→ INPUT:
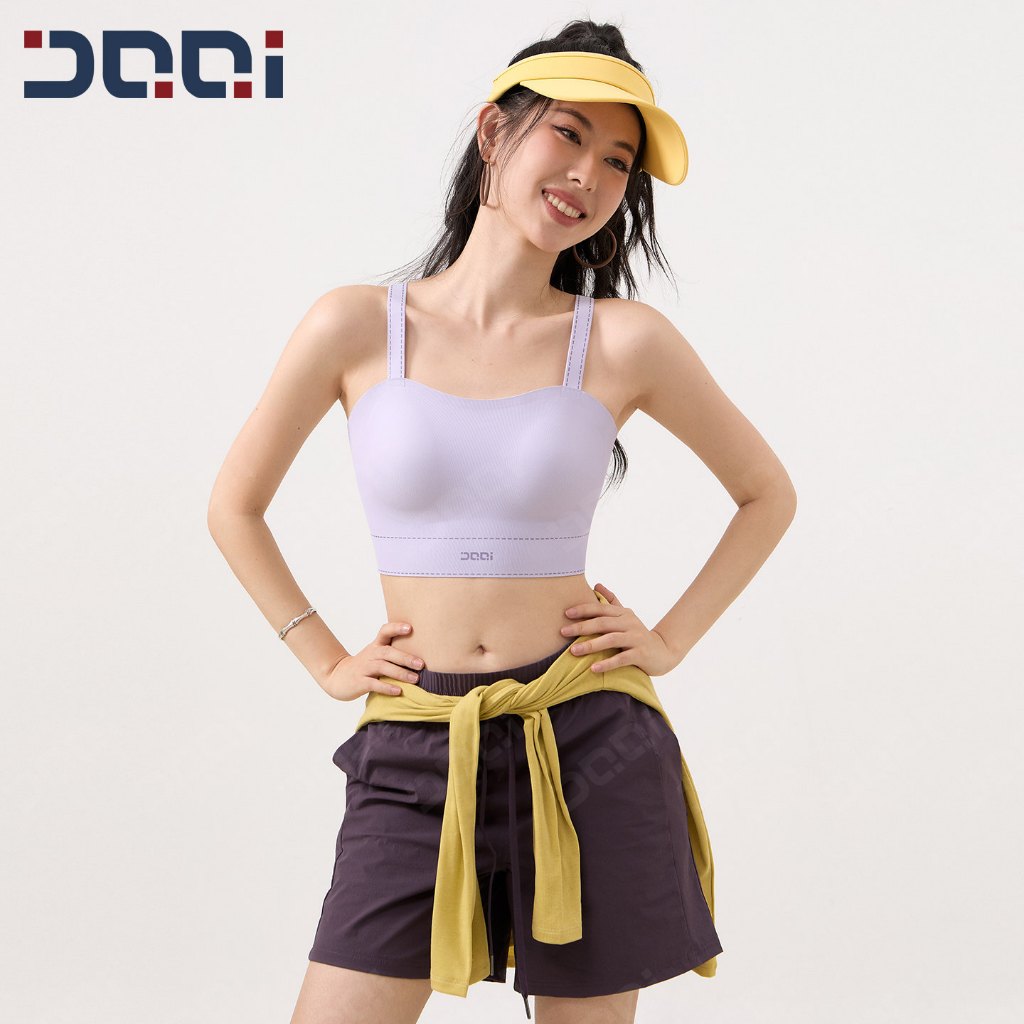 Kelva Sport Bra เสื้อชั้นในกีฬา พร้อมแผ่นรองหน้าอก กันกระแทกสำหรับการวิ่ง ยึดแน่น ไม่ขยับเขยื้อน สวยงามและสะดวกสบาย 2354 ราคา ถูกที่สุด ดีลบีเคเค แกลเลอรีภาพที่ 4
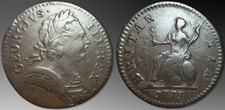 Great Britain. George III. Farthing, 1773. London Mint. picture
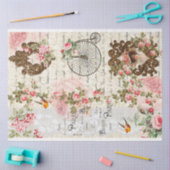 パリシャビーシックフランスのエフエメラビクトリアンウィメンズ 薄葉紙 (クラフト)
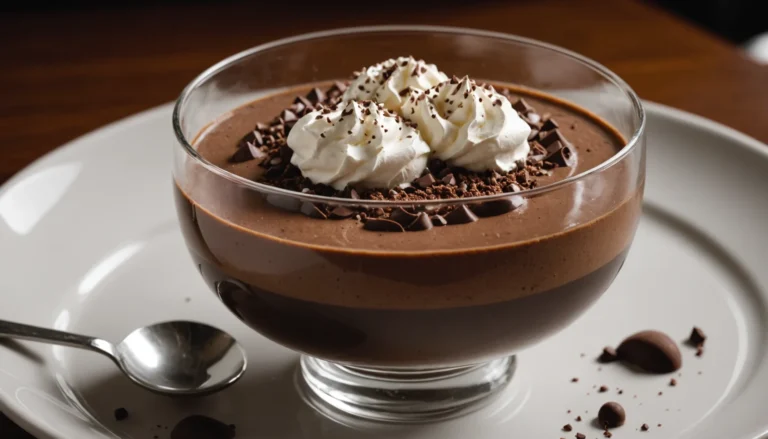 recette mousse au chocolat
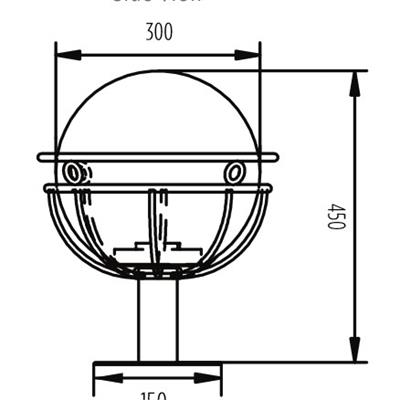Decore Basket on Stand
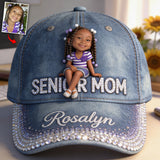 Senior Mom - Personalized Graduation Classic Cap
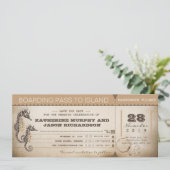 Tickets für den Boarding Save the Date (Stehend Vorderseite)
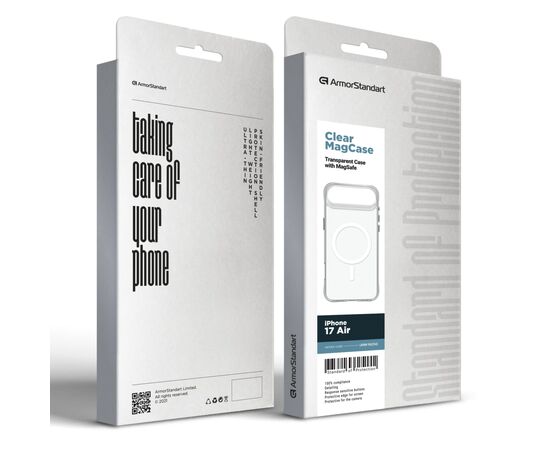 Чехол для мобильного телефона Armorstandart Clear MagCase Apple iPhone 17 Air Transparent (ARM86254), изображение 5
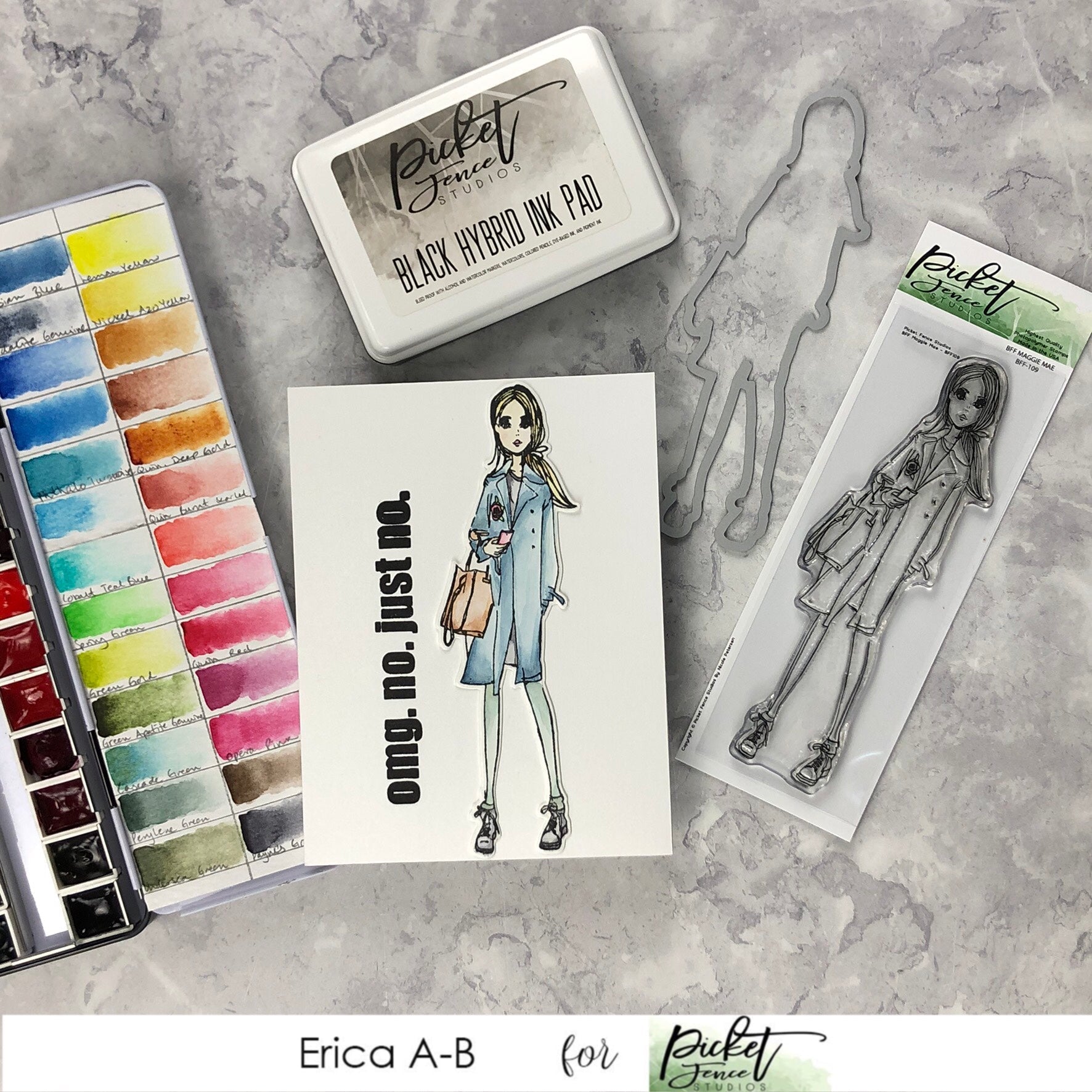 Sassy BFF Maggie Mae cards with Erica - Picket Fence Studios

→ TASK ITEM:
Repeat exactly and only the lines from the one holding "Decore Basket on Stand" through the final line of the entries; no pictures.

→ EXPECTED ANSWER:
Decore Basket on Stand
 Senior Mom - Personalized Graduation Classic Cap
 Tickets für den Boarding Save the Date (Stehend Vorderseite)
 Чехол для мобильного телефона Armorstandart Clear MagCase Apple iPhone 17 Air Transparent (ARM86254), изображение 5
 Sassy BFF Maggie Mae cards with Erica - Picket Fence Studios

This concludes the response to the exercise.